RFR 8167065 - Adding support for double precision shifting for x86

Tue Oct 11 18:28:44 UTC 2016

Thank you for explaining the situation.

Okay, add range check methods then. There are examples in the file. Their code should be optimized out when inlined by JIT because as you said the range is limited by mag.length. I don't think you 
need to check for NULL - it is checked outside intrinsic method.

Do you have normal benchmark which will show benefit of BigInteger.shift* intrinsics ?

Thanks,
Vladimir

On 10/11/16 11:19 AM, Lupusoru, Razvan A wrote:
> Vladimir,
>
> Thanks for taking a look! I was debating whether to include range checks since we know based on implementation that the arrays will not be null or out of range. However, I will definitely add them if we agree on the intrinsification.
>
> I do not have performance numbers on using pattern matching for BigInteger shifts. The reason is that current pattern matching implementation I provided relies on knowing constant information in order to confirm that the sum of the two shift counts is 32 (integer case). For BigInteger shifts, the shift count is not a constant, but an invariant (since it is an argument passed in). Being an invariant by itself is not a problem as long as we can walk the graph and determine that the two shifts have sum of 32. That said, I actually did not know how to implement such a solution since detecting the sum via the IR did not look obvious. And currently the value ranges don't seem to provide an easy way to get value range of an expression (like a sum expression).
>
> Thus I decided that in order to take advantage of the benefit of double precision shifting, intrinsification would be best. It also gets around a register allocation issue that I saw in BigInteger.shiftRight where the shiftCount invariants are placed in XMM registers and then loaded in GPRs in the loop.
>
> Thanks again for the quick look at my patch. Let me know if you have any other questions or concerns. I can also provide code snippets of what code used to look like before and it looks like now.
>
> --Razvan
>
> -----Original Message-----
> From: Vladimir Kozlov [mailto:vladimir.kozlov at oracle.com]
> Sent: Tuesday, October 11, 2016 10:55 AM
> To: Lupusoru, Razvan A <razvan.a.lupusoru at intel.com>; hotspot-compiler-dev at openjdk.java.net
> Cc: Viswanathan, Sandhya <sandhya.viswanathan at intel.com>
> Subject: Re: RFR 8167065 - Adding support for double precision shifting for x86
>
> On 10/11/16 10:51 AM, Vladimir Kozlov wrote:
>> Hi Razvan,
>>
>> The biggest issue with this change is missing range checks for
>> accessed arrays (they are generated by JIT with normal compilation).
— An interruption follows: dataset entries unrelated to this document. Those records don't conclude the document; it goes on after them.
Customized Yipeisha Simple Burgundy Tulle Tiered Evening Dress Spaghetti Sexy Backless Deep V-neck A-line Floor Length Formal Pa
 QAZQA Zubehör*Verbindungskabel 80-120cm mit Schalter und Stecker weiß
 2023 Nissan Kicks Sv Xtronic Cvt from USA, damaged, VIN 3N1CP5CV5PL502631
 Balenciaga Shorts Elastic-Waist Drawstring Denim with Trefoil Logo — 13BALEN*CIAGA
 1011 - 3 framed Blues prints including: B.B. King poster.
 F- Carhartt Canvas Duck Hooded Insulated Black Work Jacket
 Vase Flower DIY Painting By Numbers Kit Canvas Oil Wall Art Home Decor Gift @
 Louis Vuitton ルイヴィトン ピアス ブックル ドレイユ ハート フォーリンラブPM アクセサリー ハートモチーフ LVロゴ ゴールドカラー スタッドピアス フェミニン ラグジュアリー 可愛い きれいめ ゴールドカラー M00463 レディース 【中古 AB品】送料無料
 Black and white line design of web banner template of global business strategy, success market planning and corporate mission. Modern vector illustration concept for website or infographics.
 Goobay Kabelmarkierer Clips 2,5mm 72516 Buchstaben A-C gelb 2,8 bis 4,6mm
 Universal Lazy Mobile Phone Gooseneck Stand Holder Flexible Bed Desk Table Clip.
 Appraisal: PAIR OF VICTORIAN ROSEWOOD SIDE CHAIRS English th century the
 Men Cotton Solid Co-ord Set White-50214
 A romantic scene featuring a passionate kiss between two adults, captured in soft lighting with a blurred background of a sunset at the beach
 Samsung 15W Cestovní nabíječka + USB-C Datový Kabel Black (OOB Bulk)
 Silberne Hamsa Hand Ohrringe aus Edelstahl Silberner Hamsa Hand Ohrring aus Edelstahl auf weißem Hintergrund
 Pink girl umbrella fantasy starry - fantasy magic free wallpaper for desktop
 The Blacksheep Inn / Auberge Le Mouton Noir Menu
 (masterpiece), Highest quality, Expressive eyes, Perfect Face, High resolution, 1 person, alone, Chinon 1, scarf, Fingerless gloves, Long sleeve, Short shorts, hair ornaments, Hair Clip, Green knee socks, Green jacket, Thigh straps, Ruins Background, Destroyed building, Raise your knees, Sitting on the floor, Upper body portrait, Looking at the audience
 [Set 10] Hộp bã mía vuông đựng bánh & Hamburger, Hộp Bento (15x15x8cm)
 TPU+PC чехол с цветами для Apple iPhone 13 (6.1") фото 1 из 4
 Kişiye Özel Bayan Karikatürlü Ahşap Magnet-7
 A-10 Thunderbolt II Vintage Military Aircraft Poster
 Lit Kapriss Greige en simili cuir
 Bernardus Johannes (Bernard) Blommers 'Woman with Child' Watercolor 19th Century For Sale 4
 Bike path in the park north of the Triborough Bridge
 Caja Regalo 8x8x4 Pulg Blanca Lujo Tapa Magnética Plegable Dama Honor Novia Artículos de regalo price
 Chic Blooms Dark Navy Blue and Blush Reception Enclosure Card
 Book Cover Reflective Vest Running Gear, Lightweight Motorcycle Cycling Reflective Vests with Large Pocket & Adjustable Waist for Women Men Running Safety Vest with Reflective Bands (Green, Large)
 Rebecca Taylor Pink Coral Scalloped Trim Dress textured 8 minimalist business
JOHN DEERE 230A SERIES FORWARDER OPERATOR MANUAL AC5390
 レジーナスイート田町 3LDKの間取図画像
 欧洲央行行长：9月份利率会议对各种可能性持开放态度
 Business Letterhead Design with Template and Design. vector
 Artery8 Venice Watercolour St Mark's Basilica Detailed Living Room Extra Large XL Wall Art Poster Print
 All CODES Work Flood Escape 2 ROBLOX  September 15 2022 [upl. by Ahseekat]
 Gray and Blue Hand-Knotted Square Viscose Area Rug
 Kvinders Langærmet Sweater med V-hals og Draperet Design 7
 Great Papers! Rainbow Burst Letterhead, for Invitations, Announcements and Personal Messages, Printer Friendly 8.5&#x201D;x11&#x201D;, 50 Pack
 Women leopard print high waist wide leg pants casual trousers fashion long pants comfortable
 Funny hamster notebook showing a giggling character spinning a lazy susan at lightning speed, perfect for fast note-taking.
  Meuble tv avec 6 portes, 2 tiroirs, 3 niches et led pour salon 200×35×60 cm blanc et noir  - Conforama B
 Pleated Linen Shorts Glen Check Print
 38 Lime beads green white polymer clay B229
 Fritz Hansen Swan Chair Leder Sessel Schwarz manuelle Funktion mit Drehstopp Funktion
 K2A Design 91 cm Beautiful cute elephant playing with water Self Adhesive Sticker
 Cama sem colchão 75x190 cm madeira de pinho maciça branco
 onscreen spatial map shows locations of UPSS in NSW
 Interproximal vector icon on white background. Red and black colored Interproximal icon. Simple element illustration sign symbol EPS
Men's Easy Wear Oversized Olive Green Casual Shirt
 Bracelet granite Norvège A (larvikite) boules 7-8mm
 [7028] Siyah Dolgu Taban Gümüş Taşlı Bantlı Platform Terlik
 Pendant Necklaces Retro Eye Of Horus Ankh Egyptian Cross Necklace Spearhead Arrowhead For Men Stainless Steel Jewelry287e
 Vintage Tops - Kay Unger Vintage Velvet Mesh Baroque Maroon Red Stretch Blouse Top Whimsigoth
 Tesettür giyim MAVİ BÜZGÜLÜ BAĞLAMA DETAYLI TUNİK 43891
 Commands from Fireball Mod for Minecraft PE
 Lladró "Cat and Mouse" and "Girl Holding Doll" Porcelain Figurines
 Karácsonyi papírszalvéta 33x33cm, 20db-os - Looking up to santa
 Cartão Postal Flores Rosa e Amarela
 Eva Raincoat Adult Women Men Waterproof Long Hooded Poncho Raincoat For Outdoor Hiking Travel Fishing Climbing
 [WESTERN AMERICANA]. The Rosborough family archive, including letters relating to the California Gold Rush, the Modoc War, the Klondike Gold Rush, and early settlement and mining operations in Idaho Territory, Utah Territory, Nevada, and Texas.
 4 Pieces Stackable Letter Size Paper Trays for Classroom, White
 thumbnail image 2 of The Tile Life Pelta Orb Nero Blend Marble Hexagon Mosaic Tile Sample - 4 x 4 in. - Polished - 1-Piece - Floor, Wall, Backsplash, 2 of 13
Usually we add additional java method to do that when we intrinsify array accesses.
>> And I don't think we should intrinsify these small loops. When
>> performance improvement you will get for  BigInteger.shiftLeft and BigInteger.shiftRight if you only Pattern match their body code (mag[j++] << nBits | mag[j] >>> nBits2)?
>
> I mean "What performance improvement".
>
>>
>> Thanks,
>> Vladimir
>>
>> On 10/11/16 9:43 AM, Lupusoru, Razvan A wrote:
>>> Hello,
>>>
>>> I would like to propose some work that I have been recently looking
>>> into - which is use of double precision shifting on x86_64. Double
>>> precision shift is an operation which shifts but instead of bringing in zeros or ones, it brings in bits from another source. This is a powerful operation because it allows making some patterns more concise and enables speed up of code which uses masks to create same semantics.
>>>
>>> So I would like to propose a patch which adds support for double precision shifting in two ways:
>>>
>>> 1) Pattern matching is done to catch pattern A << C | B >>> D and A
>>> << C + B >>> D (where C + D is 32 and 64 for integers and longs
>>> respectively)
>>>
>>> 2) BigInteger methods shiftRight and shiftLeft are intrinsified and made to use double precision shifting.
>>>
>>> In order to confirm performance gains, small micros were created
>>> which test the above operations in tight loops. The tests were done on a Skylake i7-6700k. The following performance improvements were seen by me:
>>>
>>> - Intrinsification of BigInteger.shiftLeft: 15%
>>>
>>> - Intrinsification of BigInteger.shiftRight: 25%
>>>
>>> - Pattern replacement of pattern above with integers: 7.5%
>>>
>>> - Pattern replacement of patterns above with longs: 2%
>>>
>>> The bug is filed here:
>>> https://bugs.openjdk.java.net/browse/JDK-8167065
>>>
>>> The webrev for hotspot is available here:
>>> http://cr.openjdk.java.net/~mcberg/8167065/hotspot/webrev.02/
>>>
>>> The webrev for jdk (minor changes to allow intrinsification) is here:
>>> http://cr.openjdk.java.net/~mcberg/8167065/jdk/webrev.01/
>>>
>>> Thanks so much for your consideration!
>>>
>>> --Razvan
>>>